◆ **WORK REQUIRED**
What is needed is the exact text of each line in the listing below from the one with "Absolutely Gorgeous Dress!" up to and including the one with "2，12元的套餐也很优惠了，一个汉堡包加一个派", and no pictures.

◆ **AVAILABLE RECORDS**
════════

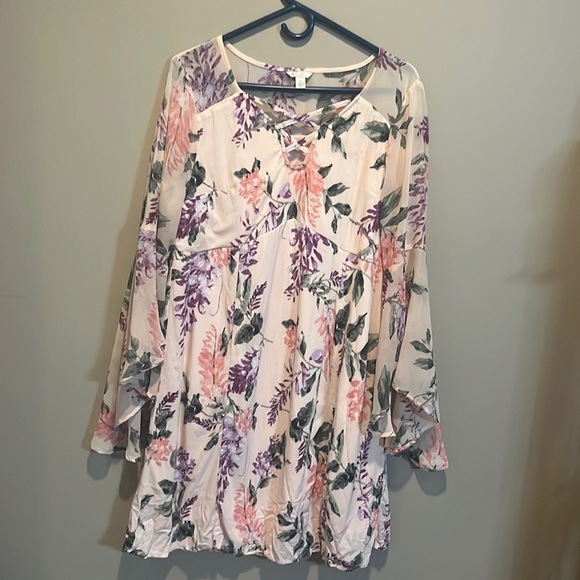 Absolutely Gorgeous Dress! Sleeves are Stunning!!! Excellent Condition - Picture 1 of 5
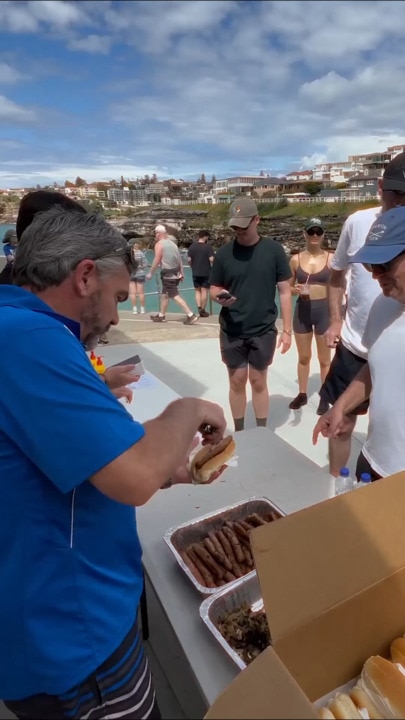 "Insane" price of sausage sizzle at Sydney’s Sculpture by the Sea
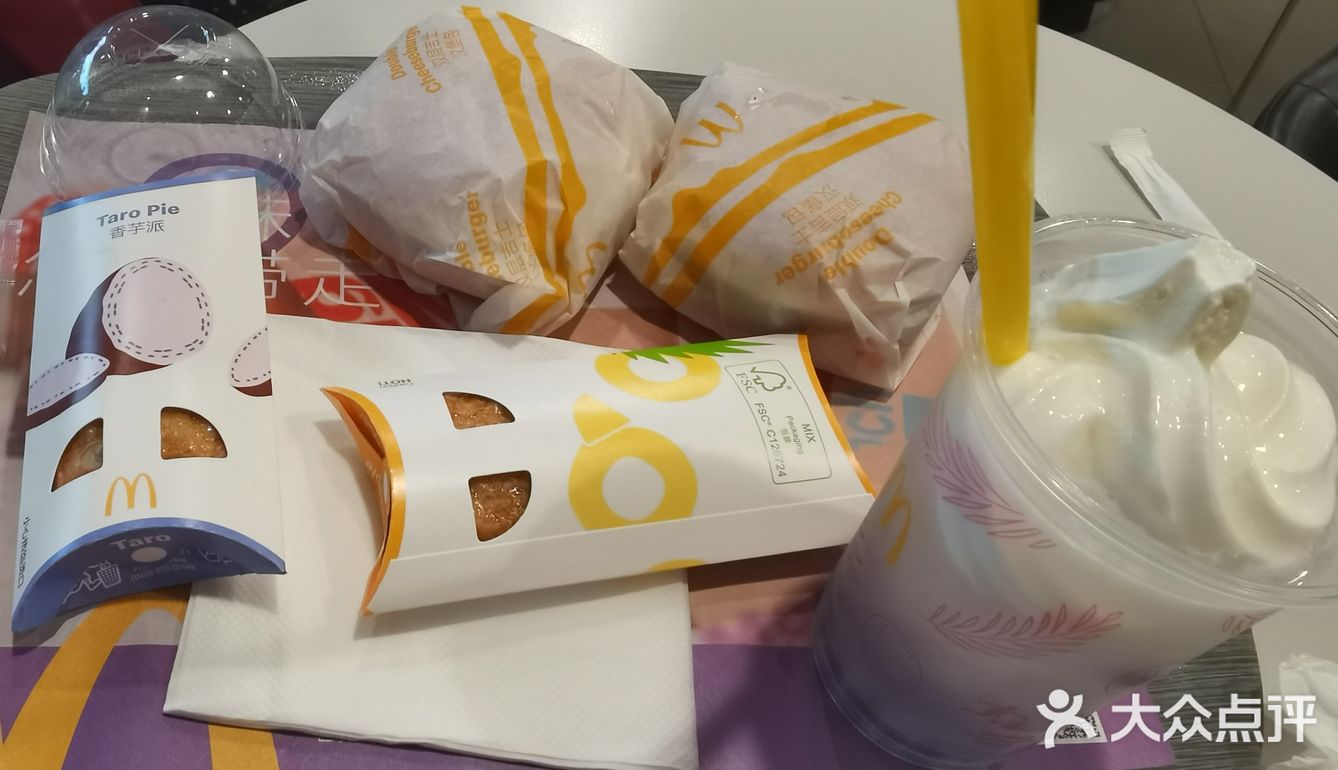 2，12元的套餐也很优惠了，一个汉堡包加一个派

════════

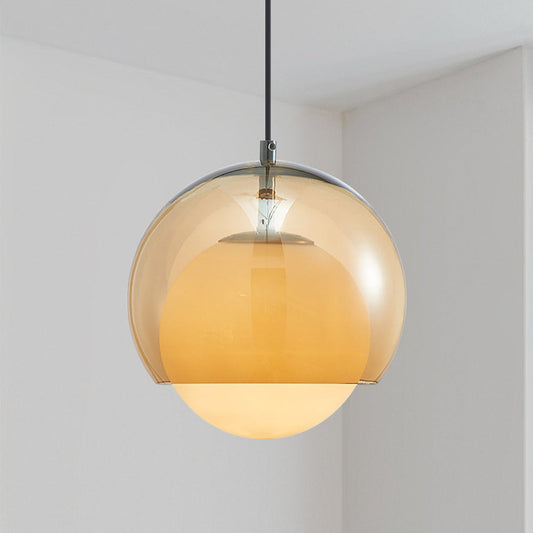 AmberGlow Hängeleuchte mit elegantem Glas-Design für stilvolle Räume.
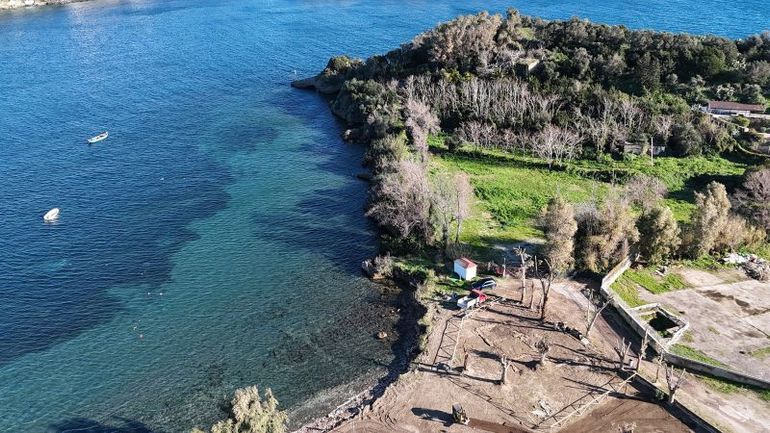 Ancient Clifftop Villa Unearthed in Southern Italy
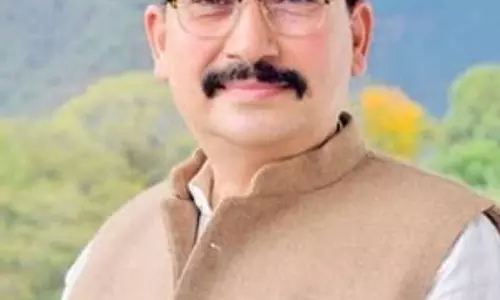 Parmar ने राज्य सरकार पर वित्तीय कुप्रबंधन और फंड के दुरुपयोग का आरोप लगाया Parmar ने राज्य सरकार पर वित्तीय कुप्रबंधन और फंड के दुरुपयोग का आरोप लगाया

════════

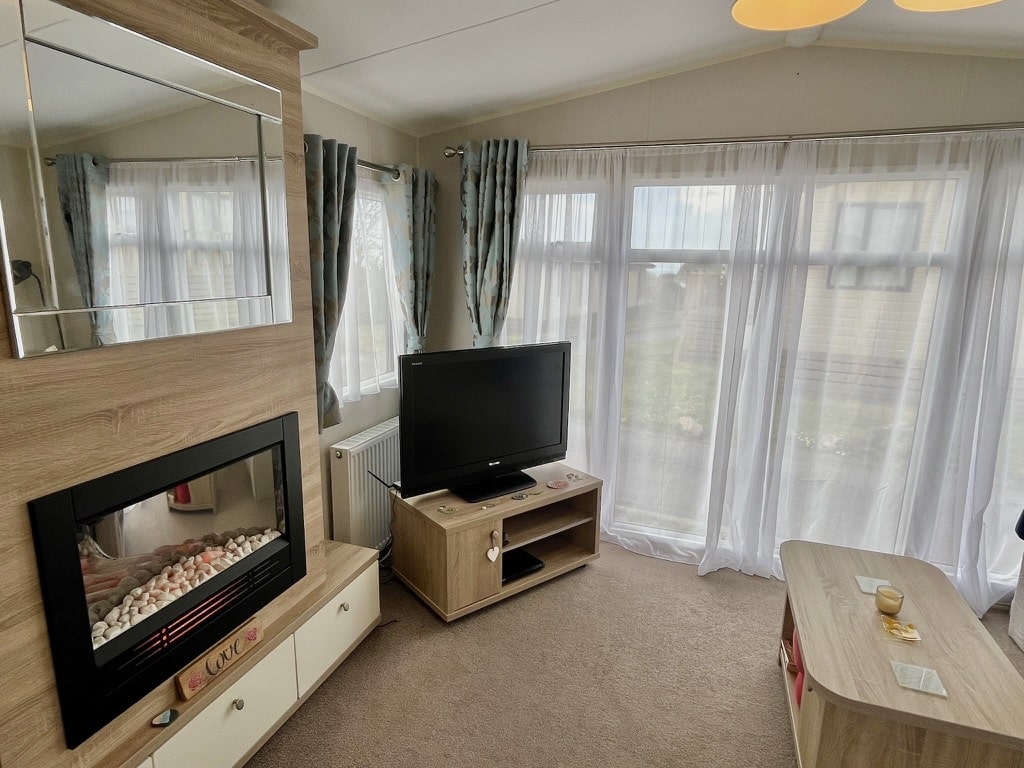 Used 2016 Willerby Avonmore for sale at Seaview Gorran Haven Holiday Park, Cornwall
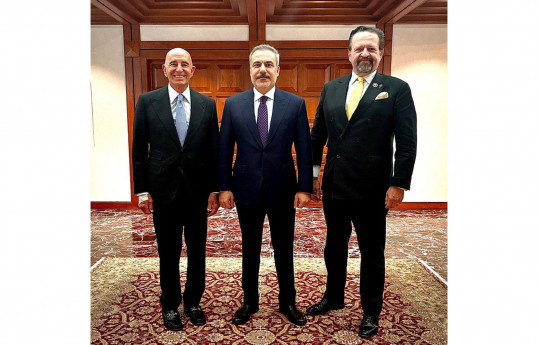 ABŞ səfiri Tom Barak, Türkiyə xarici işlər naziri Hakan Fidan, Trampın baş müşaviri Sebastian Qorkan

════════

◆ **COMPLETED TASK**
 Absolutely Gorgeous Dress! Sleeves are Stunning!!! Excellent Condition - Picture 1 of 5
 "Insane" price of sausage sizzle at Sydney’s Sculpture by the Sea
 2，12元的套餐也很优惠了，一个汉堡包加一个派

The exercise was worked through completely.